- _TASK DIRECTIONS_:
Print the whole listing exactly as it appears, but skip the pictures.

- _DATA_:
================================

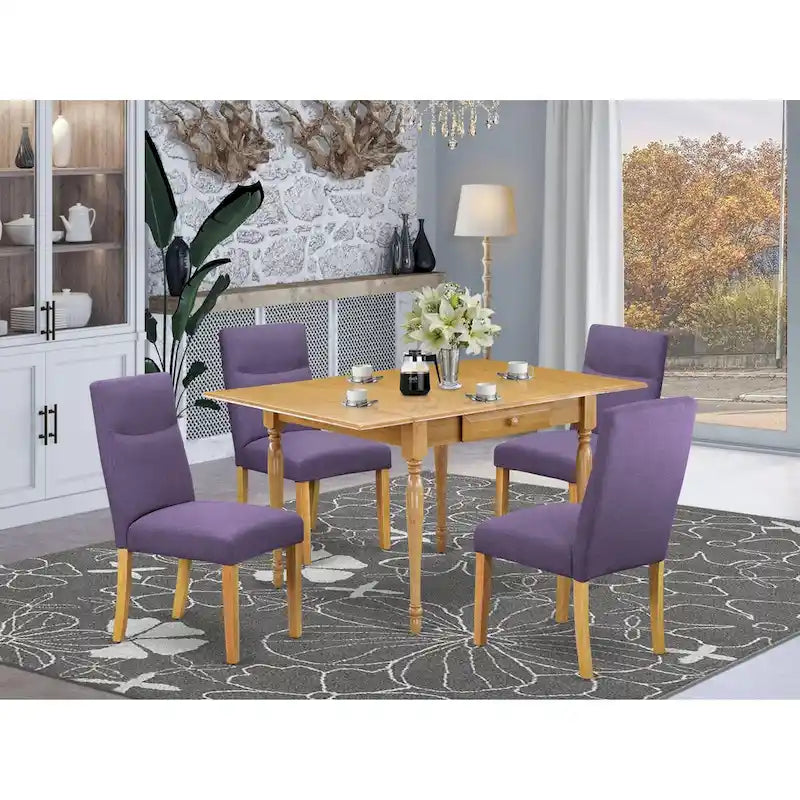 East West Furniture Ensemble de table comprenant une table de salle à manger rectangulaire avec rallonge escamotable et des chaises de salle à manger (Options de pièces)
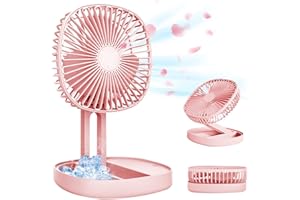DEPOZA 7 Inch Travel Fan, Portable Folding Desk Fan with 3 Speeds, 185° Rotation, Battery Operated & Rechargeable, Quiet Small Table Fan for Bedroom, Office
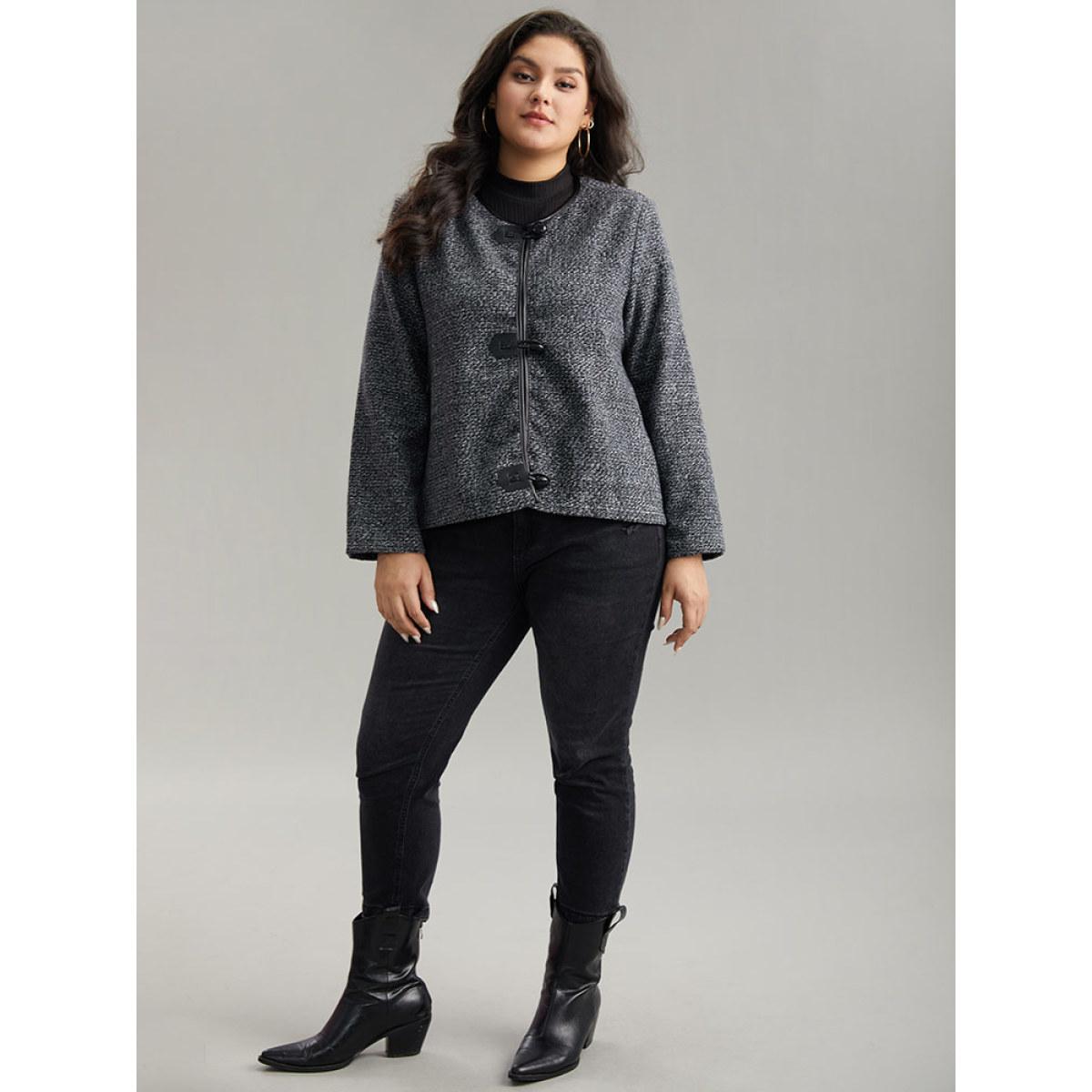 Plus Size Plain Textured Buckle Detail Coat Women DimGray Casual Texture Ladies Dailywear Winter Coats BloomChic 22-24/3X Product Image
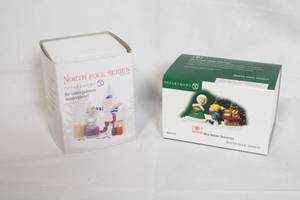 lot 95 image: Department 56 North Pole Series Figurine Lot Wee Deliver Groceries & Santa Palooza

================================

- _COMPLETED TASK_:
 East West Furniture Ensemble de table comprenant une table de salle à manger rectangulaire avec rallonge escamotable et des chaises de salle à manger (Options de pièces)
DEPOZA 7 Inch Travel Fan, Portable Folding Desk Fan with 3 Speeds, 185° Rotation, Battery Operated & Rechargeable, Quiet Small Table Fan for Bedroom, Office
 Plus Size Plain Textured Buckle Detail Coat Women DimGray Casual Texture Ladies Dailywear Winter Coats BloomChic 22-24/3X Product Image
 lot 95 image: Department 56 North Pole Series Figurine Lot Wee Deliver Groceries & Santa Palooza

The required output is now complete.